§ **Description of the task**
Please set down the data again exactly, minus the pictures.

Data items:
%%

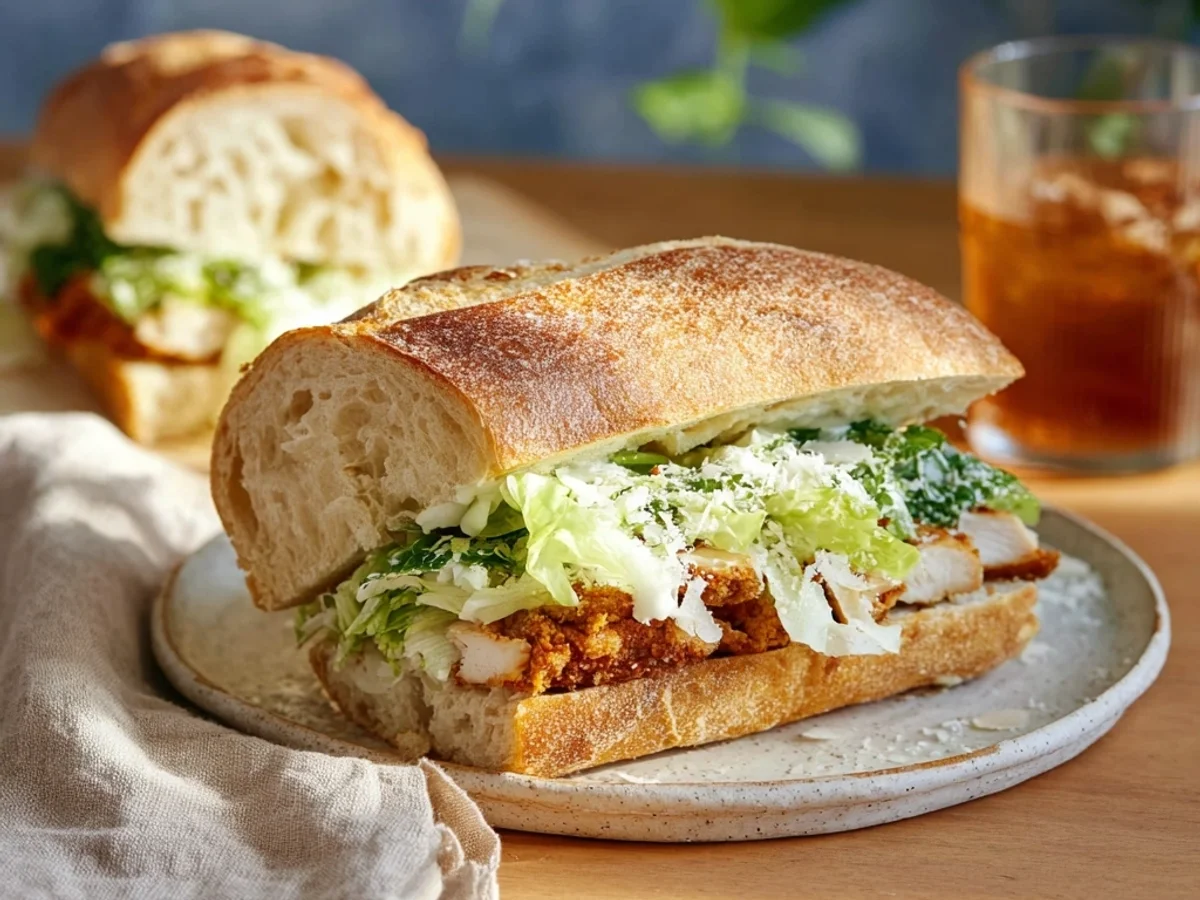 Quick Chicken Caesar Sandwich: Fresh & Tangy Lunch - Image 2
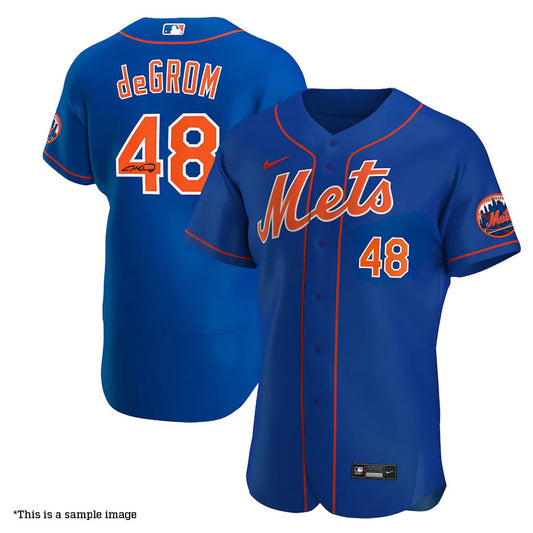 Jacob deGrom Autographed Mets Authentic Blue Jersey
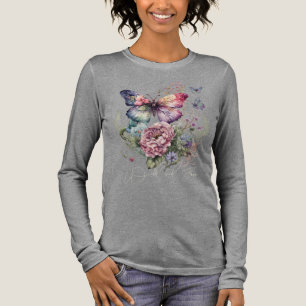 T-shirt En Tri-matière Fleurs Sauvages Et Gratuites De Papillon Floral Fl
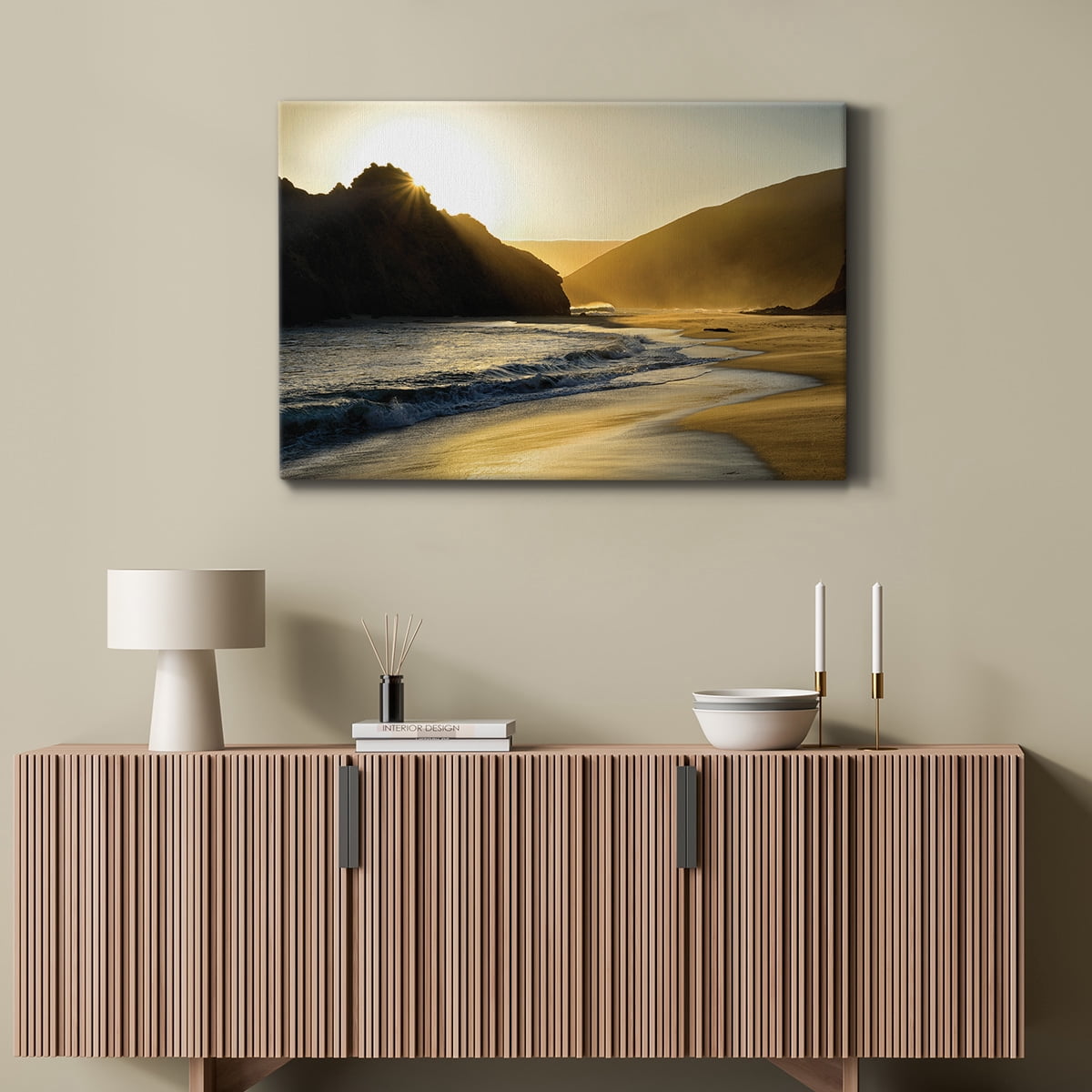 Wexford Home Sunset At Big Sur Premium Gallery Wrapped Canvas, 40" x 60" - Ready to Hang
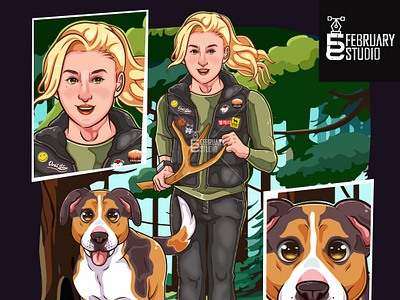 PROJECT FOR MY CLIENT ON FIVERR: RUN WITH MY DOG dog girl jump running woman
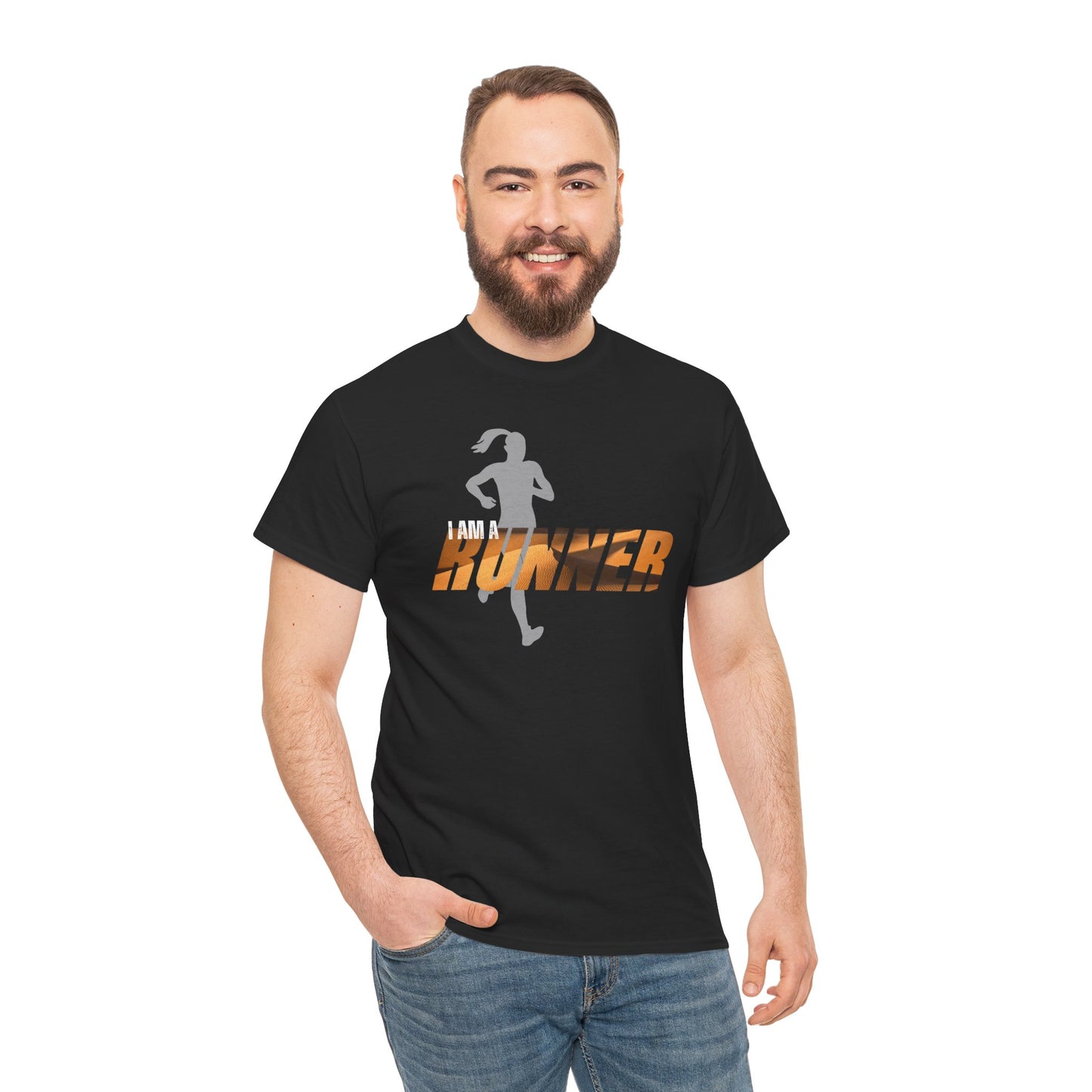 I am a Runner Unisex Heavy Cotton Tee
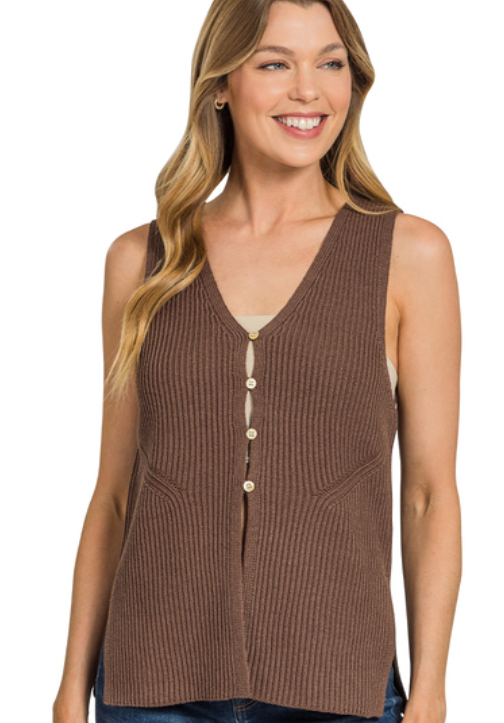 Chestnut Lane Knit Vest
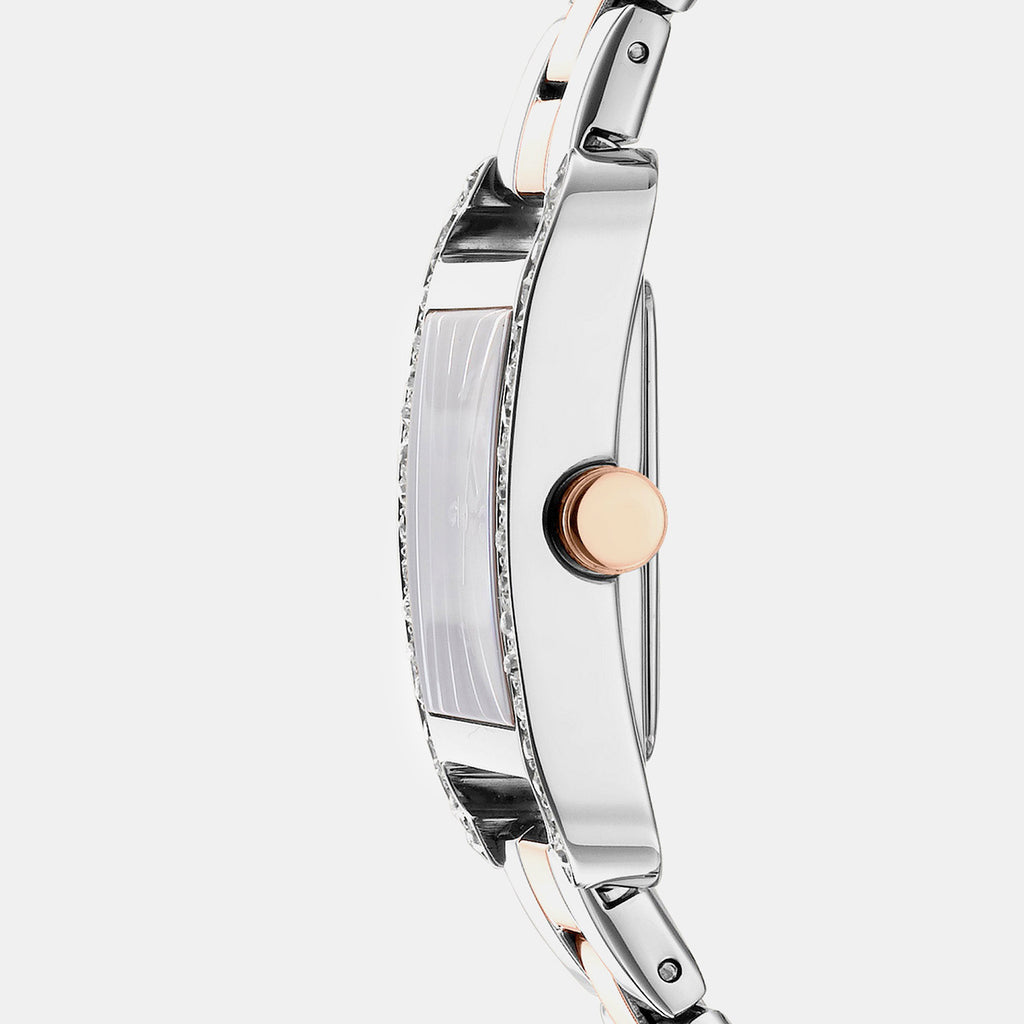 City Glitz Women Quartz Silver Dial Analog Stainless Steel Watch DK1L003M0055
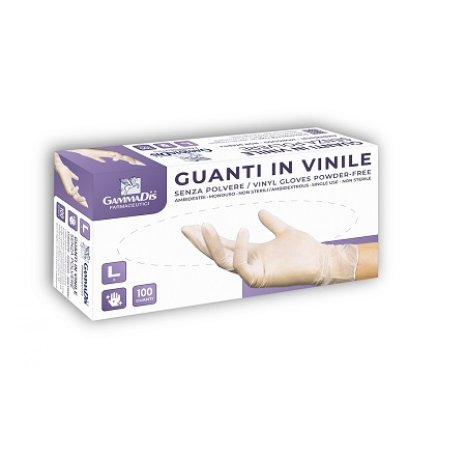 GAMMADIS GUANTI VINIL S/P M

%%

§ **Answer box**
 Quick Chicken Caesar Sandwich: Fresh & Tangy Lunch - Image 2
 Jacob deGrom Autographed Mets Authentic Blue Jersey
 T-shirt En Tri-matière Fleurs Sauvages Et Gratuites De Papillon Floral Fl
 Wexford Home Sunset At Big Sur Premium Gallery Wrapped Canvas, 40" x 60" - Ready to Hang
 PROJECT FOR MY CLIENT ON FIVERR: RUN WITH MY DOG dog girl jump running woman
 I am a Runner Unisex Heavy Cotton Tee
 Chestnut Lane Knit Vest
 City Glitz Women Quartz Silver Dial Analog Stainless Steel Watch DK1L003M0055
 GAMMADIS GUANTI VINIL S/P M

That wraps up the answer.